2. Retail business arranged through household names, Admiral, Direct Line
3. Wholesale through procuring an underwriting syndicate via Lloyds of London.
- Describe endowment or unit-linked insurance (formerly assurance)
- A larger premium is paid by the insured but he retains ownership of the funds and can reclaim those funds without the event - death - occurring.
- Describe derivative trading:
- 1. E.g. Options, futures, swaps
2. Largely wholesale
3. Buying a future contract allows a company to fix the price that it is going to pay for something in advance e.g. cocoa beans.
- Describe the functions of analysts:
- - Analysts analyse the market
- specialise on selling 'analysis' to potential investors
- Global economic trends and the impact on UK sectors/businesses
- Global > UK > Sector> Company
- Describe the role of a broker:
- 1. the middle man
2. puts a buyer in touch with a seller and charges a fee.
3. Brokers may make recommendations based on their analysts' research (full service brokers).
4. Some brokers don't offer advice - known as 'discount' brokers
5. Full service can be wholesale (to fund managers) or retail.

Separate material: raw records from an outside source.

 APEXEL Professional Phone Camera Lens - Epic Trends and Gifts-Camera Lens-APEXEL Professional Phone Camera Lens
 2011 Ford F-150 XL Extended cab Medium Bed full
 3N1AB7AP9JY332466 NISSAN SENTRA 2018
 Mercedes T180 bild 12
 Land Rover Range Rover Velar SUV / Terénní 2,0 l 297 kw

6. Discount broking - usually retail
- Describe the functions of a market maker (jobber)
- 1. Buy and sell securities with their own money
2. Sell long positions at a high price
3. buy short positions at a lower price
4. obliged by stock market rules to provide a buying and selling price
Market making is a wholesale activity
- The difference between the market maker's buying price and selling price
- This is known as the spread
- What does going long mean?
- When you own the shares
- What does going short mean?
- When you agree to sell something that you don't already own hoping the price will come down.

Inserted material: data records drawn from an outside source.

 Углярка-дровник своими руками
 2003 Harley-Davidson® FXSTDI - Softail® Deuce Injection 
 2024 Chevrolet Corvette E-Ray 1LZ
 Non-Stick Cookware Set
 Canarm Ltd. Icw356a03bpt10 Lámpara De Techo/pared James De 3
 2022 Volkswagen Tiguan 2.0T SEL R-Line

- Describe the functions of custodians/safekeeping
- 1. Look after portfolios of investments for a variety of institutions (wholesale)
2. Collect payments due on bonds and dividends from shares and may be responsible for reinvesting those payments
3. Will charge a fee based on the funds in their custody
- Describe what private banking involves:
- 1. Offering a range of products to wealthy private individuals (therefore retail)

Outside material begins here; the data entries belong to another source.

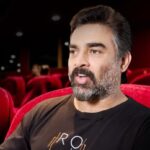 R. Madhavan Instagram - Cinedubs: Your Movie. Your Language. @cinedubsofficial #Cinedubs #RocketryTheFilm .. NOW ACTIVE IN CANADA AND THE USA .😃😃🤗👍👍. TRY IT OUT WITH ROCKETRY AT THEATERS NEAR YOU. Yipee❤️❤️❤️🚀🚀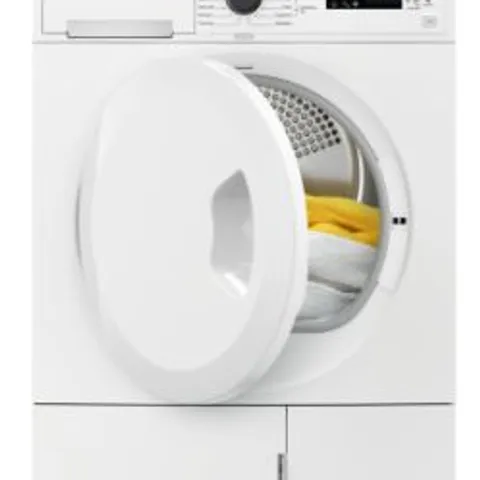 ZANUSSI ZDC72B4SW CONDENSER DRYER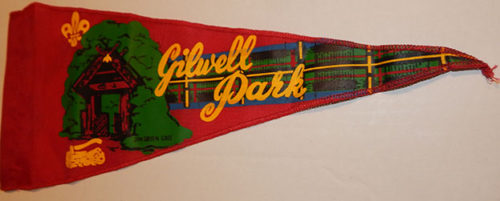 Gilwell Park Pennant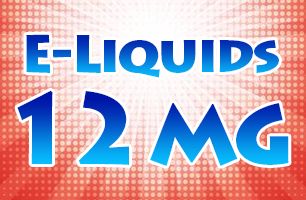 12mg G-Vape e-liquid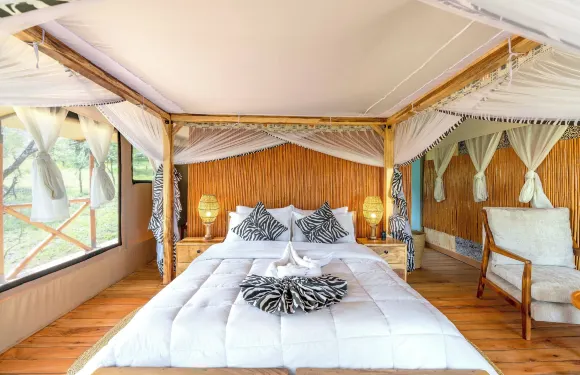 昆布昆布豪華帳篷營地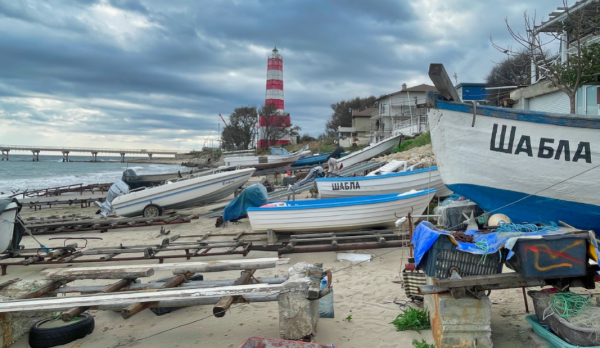 Неизвестная Болгария – маяк, лодки и минеральный источник в рыбацкой деревне Кáрия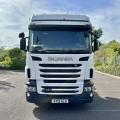 SCANIA R420 - SOLD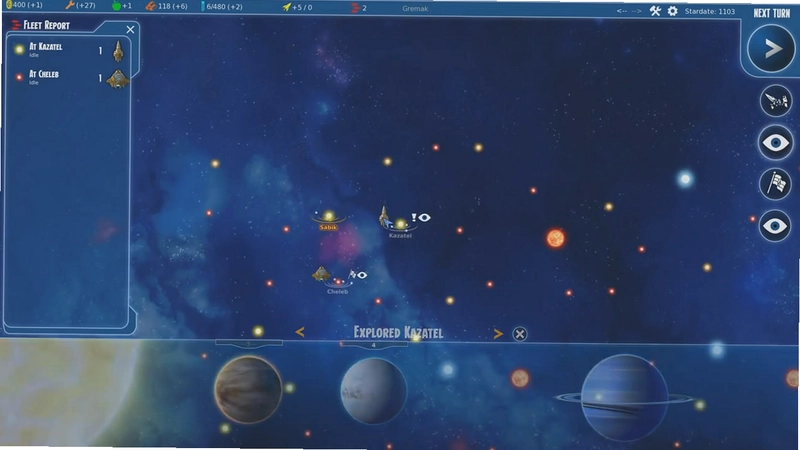 Stars in Shadow暗影之星预览图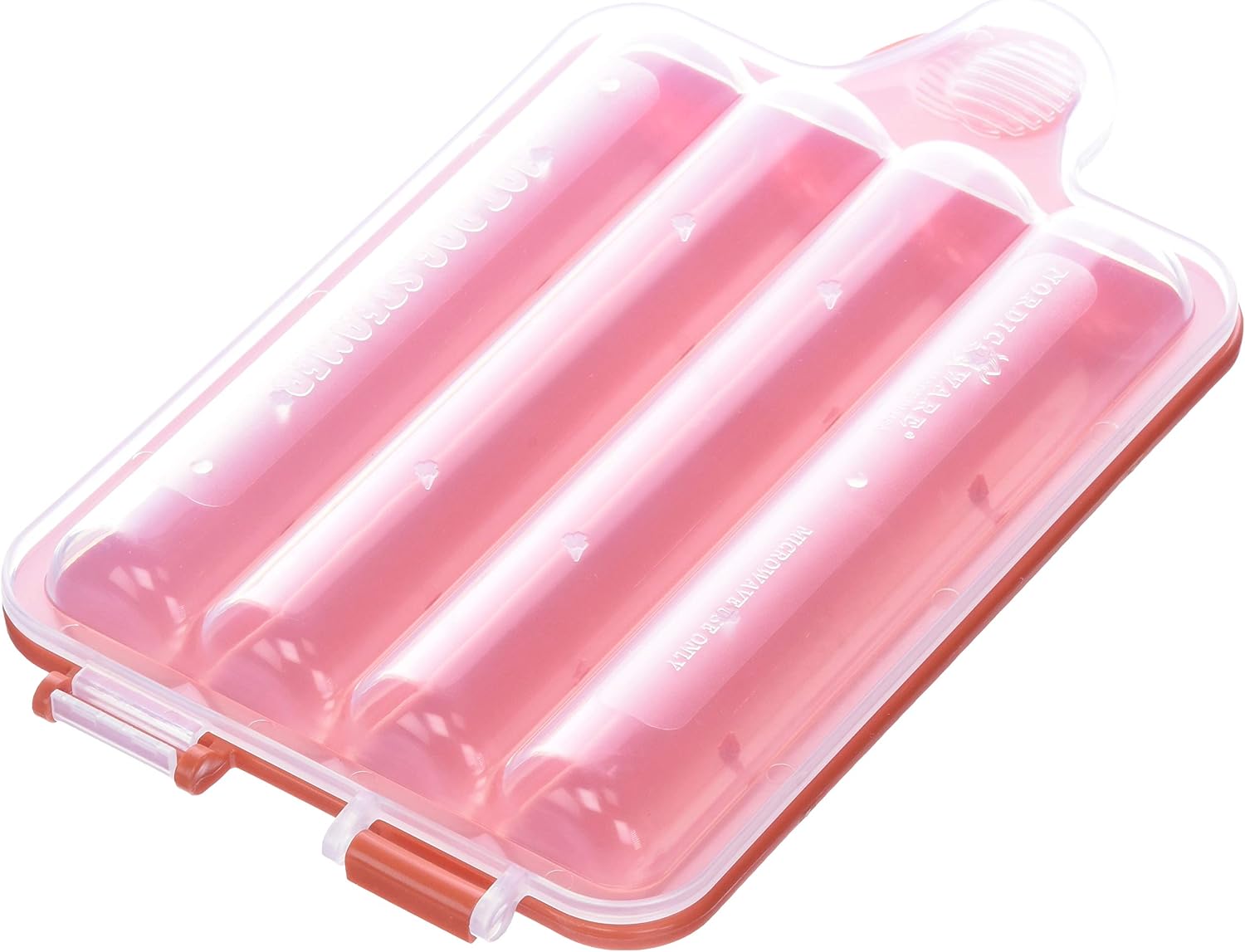 Nordic Ware Hot Dog Steamer Energy — WeirdThingsToBuy weird find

2. Services include, tax efficient savings and investments, trust arrangements, preferential lending
3. Many are beyond UK jurisdiction - Channel Islands, the Caymans for tax purposes
- Describe how credit card companies make money:
- 1. Charge interest on outstanding balances
2. Charge retailers who accept the card a fee
- What are the four types of retail financial advisers?
- 1. tied advisor
2. multi-tied advisor
3. whole of market advisor
4. independent financial advisor
- Describe a tied advisor
- an advisor working for a bank and offering only that institutions products
- Describe a multi-tied advisor
- an advisor offering more than one provider's products but are still in formal contractual agreements with those providers
- Describe a whole of market advisor
- An advisor that advises on all the products in the market and is paid by commission, rates of which will vary.
- Describe an independent financial advisor
- An advisor that offers whole of market advice but has to offer to be paid by fee as opposed to commission
- What are the functions of trade and professional bodies?
- To lobby and advise on regulation
- Provide examples of trade and professional bodies:
- 1. International Capital Markets Association (bonds)
2. Futures and options association
3. International Swaps and Derivatives Association
4. Association of British Insurers
5. Association of Private Client Investment Management
- What are platforms?
- - Online facilities that enable advisers and managers to evaluate existing portfolio assets and compare
- Can be both wholesale and retail
- Earn money either by fee or commission from the product provider
- Describe the function of third party administrators
- - Some firms employ specialist firms for certain administrative functions such as settling transactions, basic accounting or reconciliation activities (checking agreements).